CHECK-UP:Is there a link between giant cell arteritis and polymyalgia rheumatica?
WHAT IS polymyalgia rheumatica? I was already diagnosed and treated for giant cell arteritis but have gone on to develop this second condition, PMR. Is there a link?
Polymyalgia rheumatica (PMR) is a disorder which results in pain and stiffness in the muscles of the neck, shoulders and hips.
Stiffness tends to occur in the mornings and after periods of inactivity.
Although the cause of the condition is unknown, it appears to be associated with immune system problems – perhaps a genetic tendency towards the illness which is then triggered by an infection.

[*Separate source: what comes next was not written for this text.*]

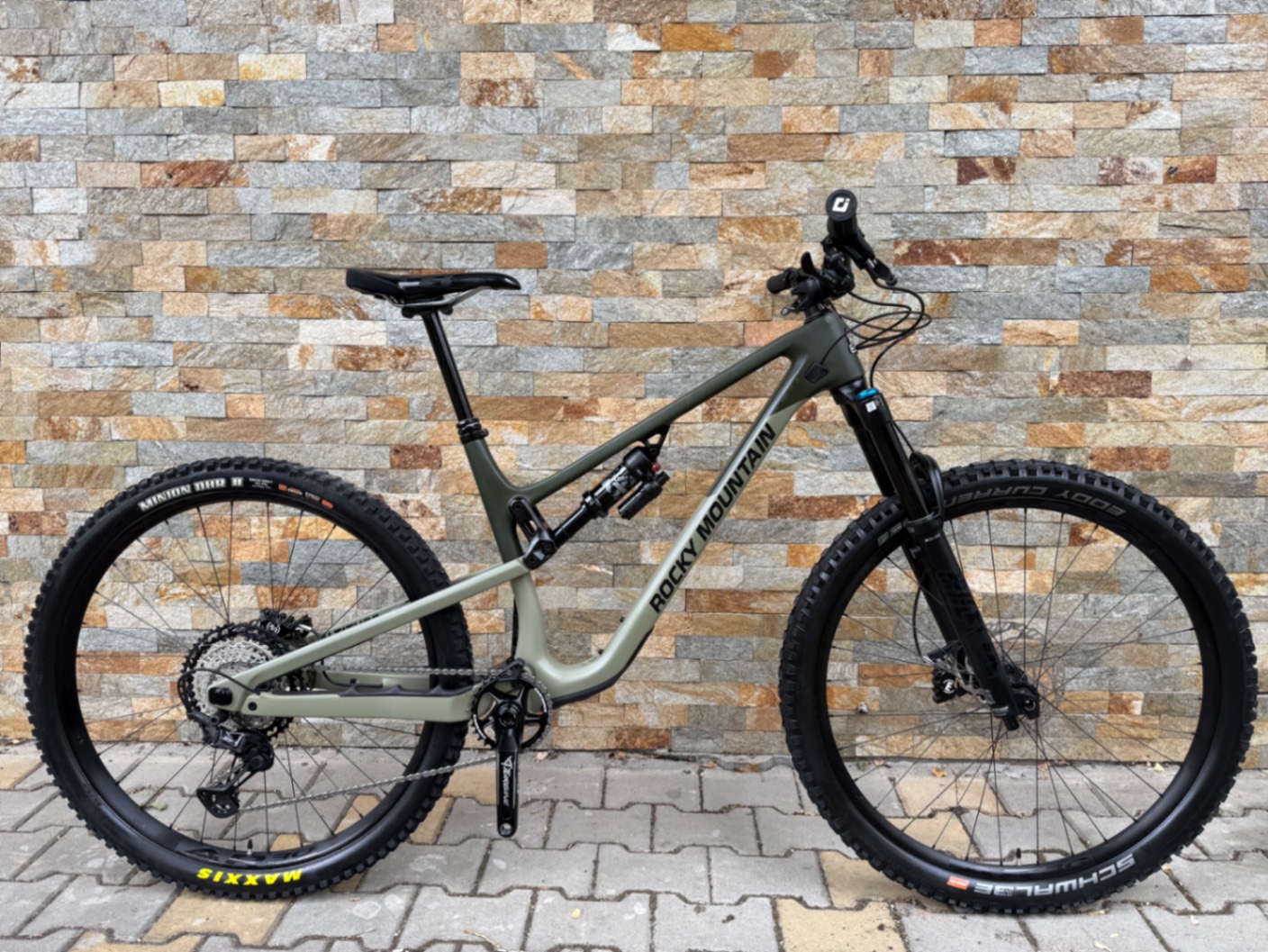 Rocky Mountain Altitude Carbon 50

While rare under the age of 50 it becomes more common after this time so it may be linked to the ageing process.
Giant cell arteritis (GCA) is a disorder in which there is inflammation of arteries of the temples, scalp, neck and arms. The inflammation causes the arteries to narrow, which in turn impedes blood flow. Also known as temporal arteritis, headache is the most common symptom.
In some sufferers, pain on chewing, blurred or reduced vision or, in rare cases, blindness may occur.
While it is unclear how PMR and GCA are related, they do frequently affect the same person.
Like PMR, GCA tends to develop after the age of 50 with the incidence peaking for both conditions between the ages of 70 and 80 years.
My doctor started me on treatment first and then sent me for a biopsy to confirm I had GCA. Why did she do this?
Where GCA is suspected, a biopsy of a small section of the artery is removed and examined under microscope.
However, it is important that treatment start as quickly as possible, as if GCA is not treated promptly there is a small risk of blindness developing.
To reduce this risk, a doctor will start treatment on the basis of a physical examination and reported symptoms, even before confirmation of the diagnosis through biopsy.
While treatment for both conditions is corticosteroid medications, a non-steroidal anti-inflammatory drug may be used to ease the symptoms of PMR.
With treatment, symptoms can be relieved in a relatively short time and once under control, the dose of corticosteroid is reduced gradually over time.
Although polymyalgia rheumatica may recur, symptoms can be re-treated with steroids.
Once giant cell arteritis is treated effectively, it rarely recurs. Most people with GCA and PMR lead active, productive lives.